Rethinking internal communications for a hybrid world
Distributed workplaces are no longer a temporary adjustment. For many organisations, hybrid work is now the default. People work from home, across multiple offices, and on different schedules. Initially, we thought it was a temporary change, but now it has become our way of working. That shift has fundamentally changed how communication works day-to-day.
Employees are no longer in one place, following the same routines or accessing information in the same way. Some read updates on a desktop in the office. Others skim messages on a phone between meetings or at school drop-off. Many miss the informal, second-hand information that once travelled naturally through kitchens, corridors and lifts. For internal communication, this changes almost everything.
For internal communication, this changes everything.
Messaging
Messaging now has to work across very different experiences. Some people are in the office most days, others are remote or interstate, and many move between the two. You can no longer assume shared context just because people work for the same organisation.
What used to be a single message sent through a single channel now requires more intention. Messages need to be clearly framed, delivered across multiple channels, and reinforced over time, without overwhelming people or causing fatigue. We need to know our people better than ever before. Designing communication to engage distributed audiences is now a core professional skill. It is not new, but we need to work harder at it than ever before.
This requires communicators to think like experience designers. We need to understand when, where and how different groups encounter information, remove friction, and make important messages easy to find and act on. Channel choice, message structure and repetition are no longer afterthoughts. They are strategic decisions.
Measurement
Hybrid work also raises expectations around how effectiveness is measured. It is no longer enough to know what was sent. We need to know what was understood. In a distributed environment, informal feedback disappears, so stronger feedback loops become essential.
This means using pulse checks, engagement data, manager listening and qualitative insight to test comprehension and surface gaps. Views and click rates only tell part of the story. What matters more is whether people understand what is changing and know what is expected of them.
Internal communication becomes more measured by necessity, not only if we have time. Data is not about turning communication into a numbers exercise. It is about gaining confidence in what is working, what is not, and where messages are breaking down.
Culture
Culture is another area in which hybrid work has reshaped our responsibilities. When teams are split between physical and digital spaces, culture is less likely to be absorbed through observation and more likely to be shaped by what is communicated deliberately. Communicators play a much more active role in sustaining belonging, connection and shared purpose.
Without intention, organisations risk creating a two-tier culture in which proximity to the office equates to proximity to information and influence. How often do you hear colleagues in another state say they found out about something late, or not at all? Hybrid work amplifies who feels included and who does not.
Internal communication needs to be designed for inclusion, reflecting different working realities rather than defaulting to an office-first approach. This requires stronger listening skills across diverse employee groups, not just formal consultative channels. It also means shaping narratives about purpose, values and belonging in ways that feel genuine, not like corporate slogans.
Relationships
Hybrid work has also changed how relationships and influence are built. Collaboration still depends on human connection, but those connections are now filtered through video calls, chat platforms and digital collaboration tools. Relationship building is no longer about meeting in the coffee line or while waiting for the lift; it needs to be structured and intentional.

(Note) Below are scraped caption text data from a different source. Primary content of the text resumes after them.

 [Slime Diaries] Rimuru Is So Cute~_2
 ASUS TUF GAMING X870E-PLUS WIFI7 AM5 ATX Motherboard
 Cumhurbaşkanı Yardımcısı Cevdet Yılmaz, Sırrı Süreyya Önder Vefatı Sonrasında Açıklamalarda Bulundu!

Communicators need to read nuance in digital interactions, facilitate conversations in virtual spaces and maintain visibility without becoming noise. Delivery choices matter more than ever. What feels clear and supportive in person can come across as blunt in text. What feels warm on video can feel vague when read later.

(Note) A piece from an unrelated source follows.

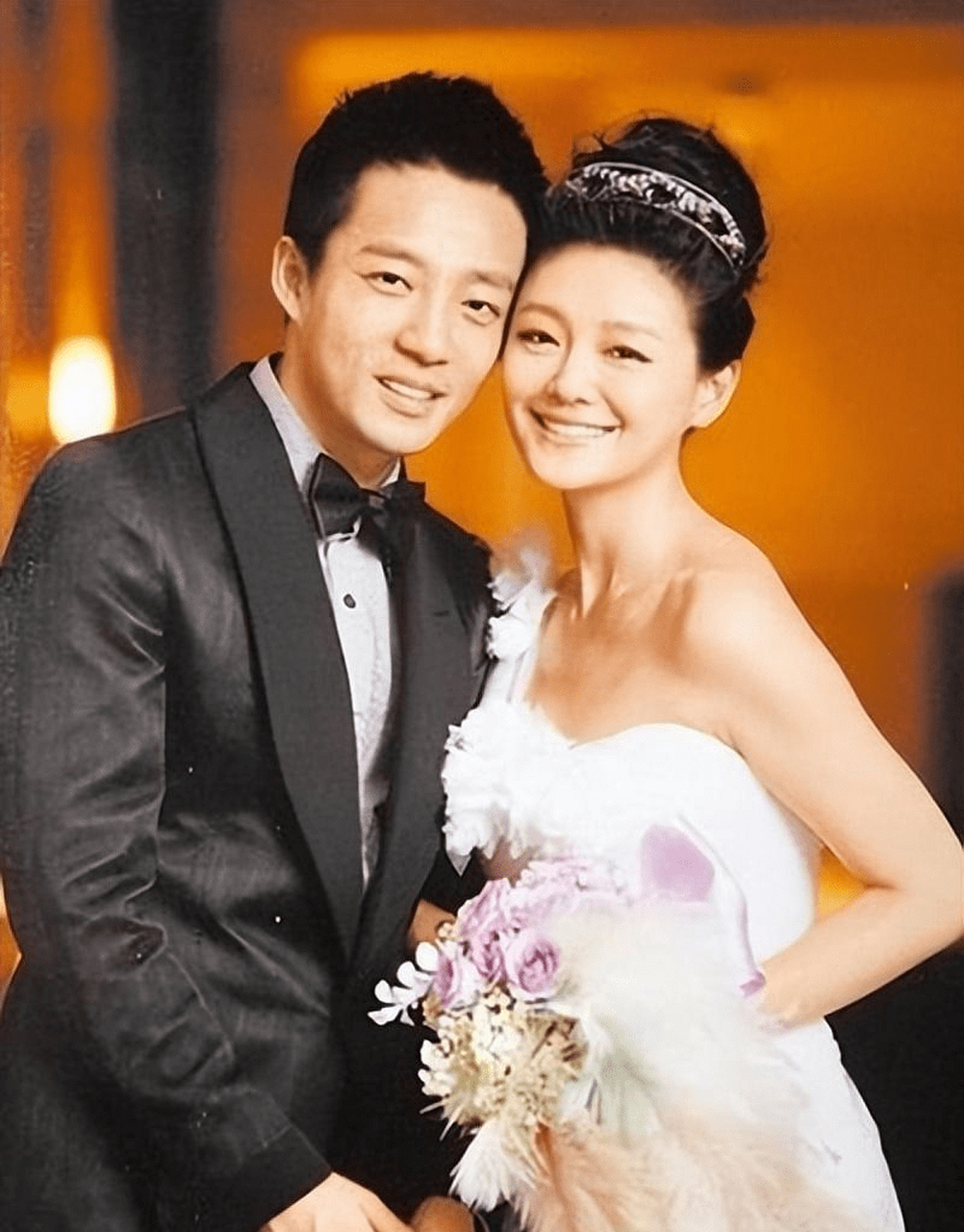 汪小菲大s的料?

Relationship and influence skills take on new importance in hybrid environments. Relationship management is now a professional discipline, not an accidental byproduct of being co-located. As communication professionals, our influence depends on the strength of our relationships. When those relationships do not form organically, we need to create the opportunities, even when that feels uncomfortable.
Capability matters more than ever
All of this demands increased capability. Hybrid work makes communication more intentional and more strategic. No matter the size of the organisation, if you work with people in the current world, you need to think carefully about how messages cut through, wherever people work.
The individuals and teams that thrive will be those that recognise communication as an experience to be designed, not a message to be sent.